[Problem details] Return exactly the lines of the records below, starting at the line that contains "镇江大亚第一城别墅在售二手房源室内图_小牛看房" and ending at the line that contains "Nintendo Switch 有機EL本体 赤/紫", with both of those lines kept.

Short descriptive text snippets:

##########

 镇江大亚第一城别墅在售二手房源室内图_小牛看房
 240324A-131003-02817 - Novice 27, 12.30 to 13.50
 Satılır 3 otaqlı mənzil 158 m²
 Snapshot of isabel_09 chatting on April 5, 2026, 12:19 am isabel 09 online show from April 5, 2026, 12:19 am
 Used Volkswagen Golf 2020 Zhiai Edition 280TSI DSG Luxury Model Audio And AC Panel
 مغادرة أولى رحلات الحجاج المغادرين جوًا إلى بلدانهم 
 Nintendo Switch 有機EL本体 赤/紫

##########

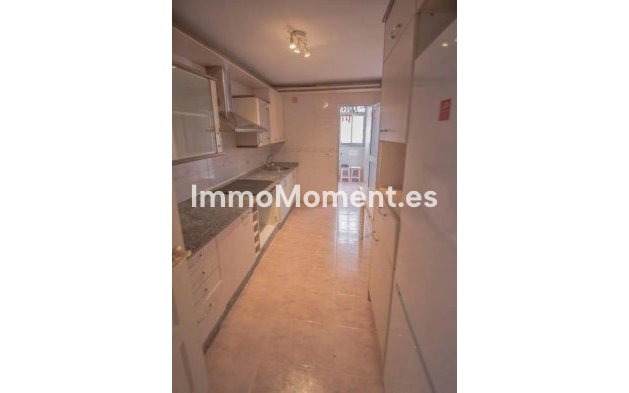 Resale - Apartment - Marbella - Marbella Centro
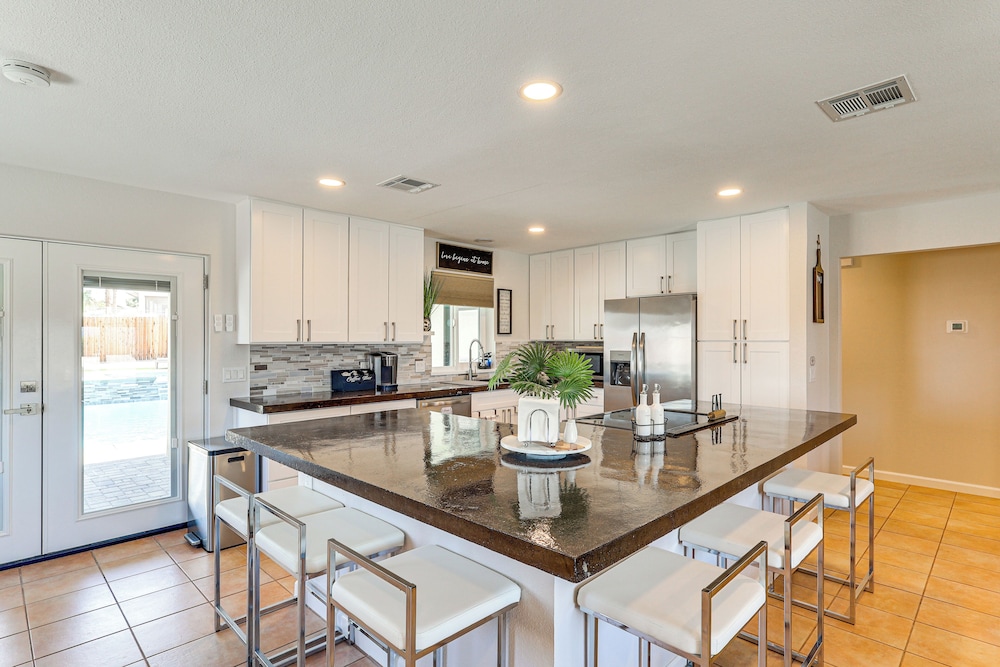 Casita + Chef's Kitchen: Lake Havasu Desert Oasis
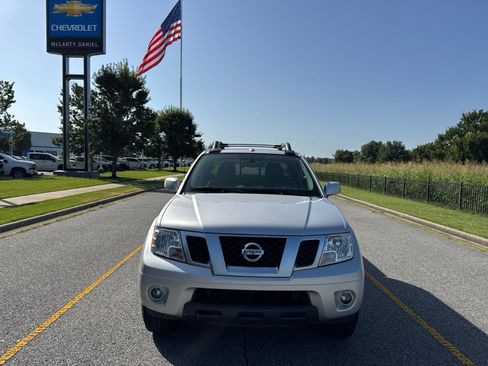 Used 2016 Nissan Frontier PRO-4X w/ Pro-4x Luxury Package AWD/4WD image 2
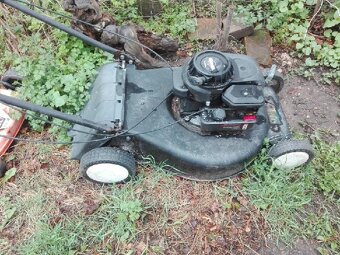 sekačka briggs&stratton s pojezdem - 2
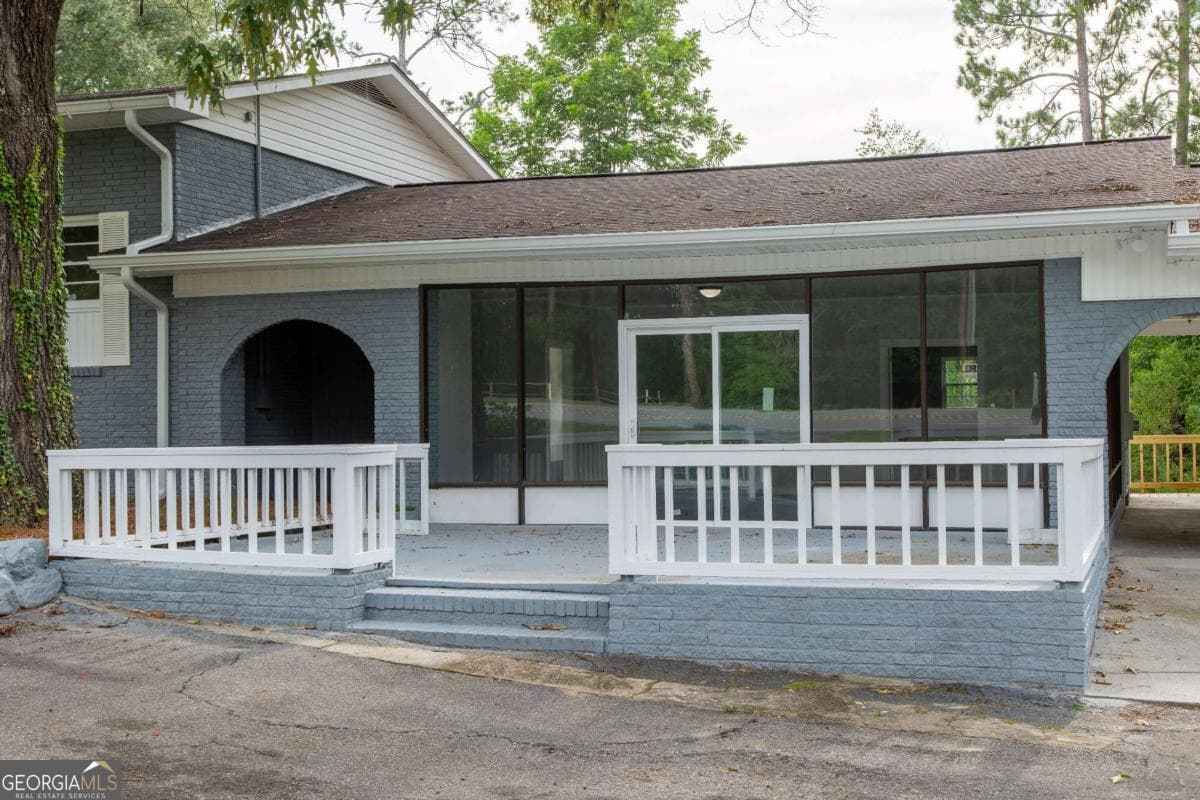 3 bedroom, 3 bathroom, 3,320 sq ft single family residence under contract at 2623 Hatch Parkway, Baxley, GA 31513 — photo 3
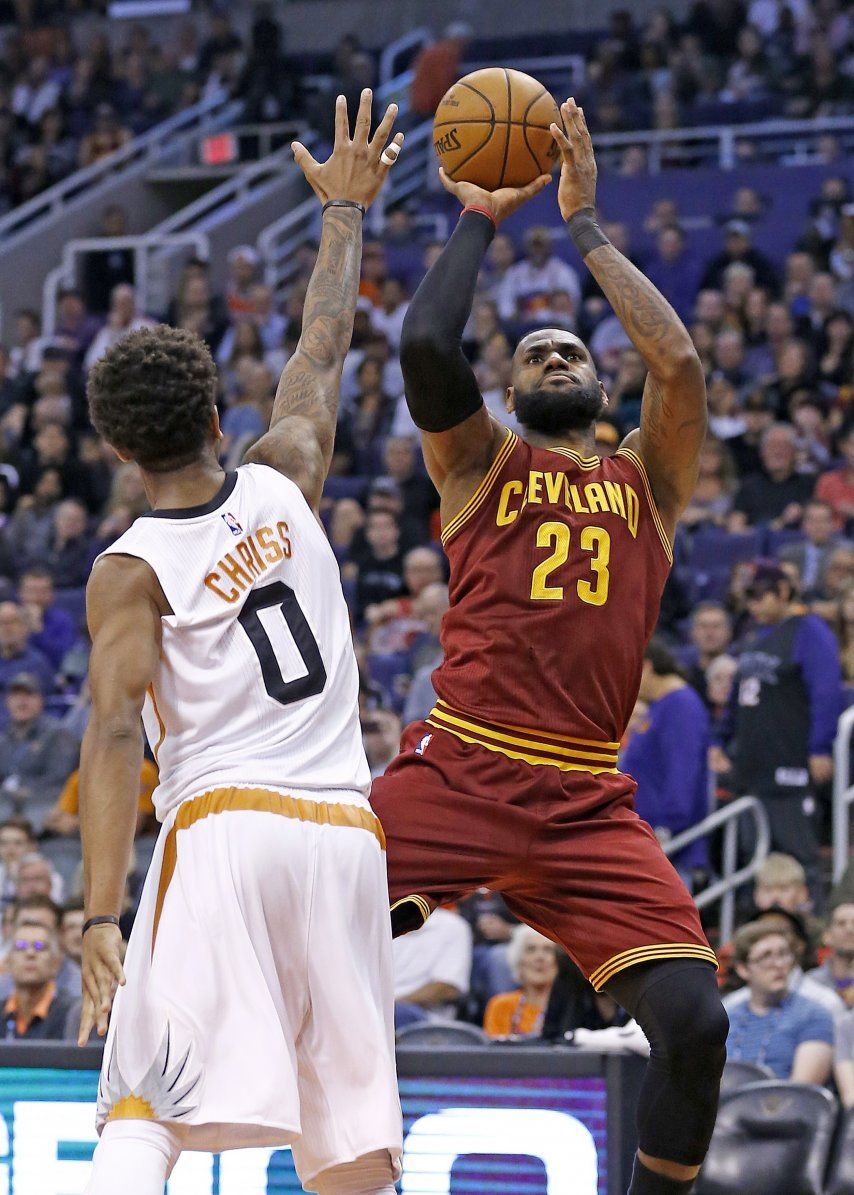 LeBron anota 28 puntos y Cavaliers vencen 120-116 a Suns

##########

[Exercise answer]
 镇江大亚第一城别墅在售二手房源室内图_小牛看房
 240324A-131003-02817 - Novice 27, 12.30 to 13.50
 Satılır 3 otaqlı mənzil 158 m²
 Snapshot of isabel_09 chatting on April 5, 2026, 12:19 am isabel 09 online show from April 5, 2026, 12:19 am
 Used Volkswagen Golf 2020 Zhiai Edition 280TSI DSG Luxury Model Audio And AC Panel
 مغادرة أولى رحلات الحجاج المغادرين جوًا إلى بلدانهم 
 Nintendo Switch 有機EL本体 赤/紫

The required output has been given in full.